Mais la réaction du public semble n'être rien d'autre que des drones de santé publique organisés par l'OMS se plaignant que leur monde financé par des fonds publics pourrait être perturbé par la vente d'alternatives à faible risque aux cigarettes. Une conférence de presse d'octobre a vu “l'OMS et des universitaires et spécialistes de la santé de renom condamner conjointement la nouvelle stratégie proposée par l'industrie du tabac.”
La “nouvelle stratégie” que l'OMS a dénoncée est apparemment la vente de produits à risque réduit. Les objections à ce que les fumeurs abaissent (ou même éliminent) leur risque en remplaçant la fumée inhalée par de la vapeur relèvent davantage de la protection de l'industrie mondiale du contrôle du tabac que de la protection de la santé publique.
Le professeur Hilal Özcebe, professeur à l'Université Hacettepe, a affirmé que les produits de vapeur et de HNB sont aussi dangereux que fumer — un mensonge flagrant. “L'industrie du tabac déclare que les produits électroniques ont moins d'effets négatifs sur la santé publique mais c'est un argument totalement faux,” a-t-elle déclaré, selon le communiqué de presse.
Elle a ajouté que “les dispositifs électroniques ont le même niveau de nicotine que les produits largement utilisés [cigarettes], causant des troubles vasculaires similaires et des maladies cardiovasculaires.” Il n'y a aucune preuve que la nicotine cause des problèmes cardiovasculaires à long terme. Mais fumer le fait, et aucun des “défenseurs de la santé” turcs ne propose d'interdiction des cigarettes.
Pour l'OMS, permettre de telles désinformations flagrantes de circuler sans correction est une abdication d'un engagement envers la santé publique — et ses propres principes directeurs. “L'opinion informée et la coopération active de la part du public sont d'une importance capitale dans l'amélioration de la santé des populations,” déclare la constitution de l'OMS.

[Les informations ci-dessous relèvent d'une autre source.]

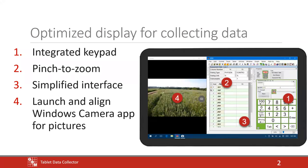Tablet Data Collector — if you haven't encountered it before, here's a recap of what it offers. You put the ARM software on a Windows tablet that you can take to the field. It has additional features compared to regular ARM, optimizing the smaller screen size for collecting data. You'll see an on-screen keypad for touch input, zooming to size the interface appropriately, and we hide extra items you don't need when just taking data. You can also take pictures with the Windows Camera app, which links directly into your trial.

Un officiel de la Société du Croissant Vert turc (une organisation à but non lucratif qui vise à lutter contre le tabagisme, l'alcoolisme et d'autres “addictions”) a déclaré que la Turquie s'est engagée dans des “efforts remarquables” pour mettre en œuvre la Convention cadre de l'OMS pour la lutte antitabac (FCTC). Cela a été fait, a-t-il dit, en “élevant la sensibilisation du public, avec le soutien du gouvernement turc, de la société civile et d'organisations telles que le Croissant Vert.”
Le succès remarquable ressemble davantage à un effort concerté pour protéger les ventes de cigarettes. Plus de 43 pour cent des hommes turcs fument, contre 18,2 pour cent des femmes. Parmi les 13-15 ans, 16,8 pour cent utilisent du tabac.

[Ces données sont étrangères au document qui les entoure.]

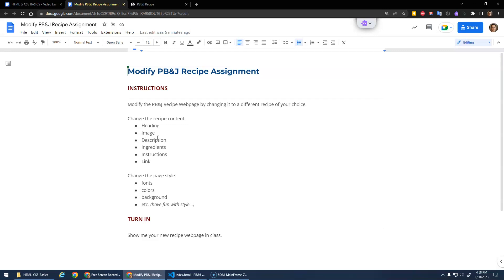And then also play around with the style - pick some different fonts, do some different colors, change the background color. Have fun with it, play around with it, see what you can come up with.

Apparemment, ce sont les résultats remarquables que l'OMS veut voir. En encourageant les interdictions de vapotage et de snus, et en décourageant les entreprises tabac de passer à des produits à risque réduit, l'agence de santé des Nations Unies est destinée à obtenir toutes les maladies et tous les décès qu'elle pourrait espérer.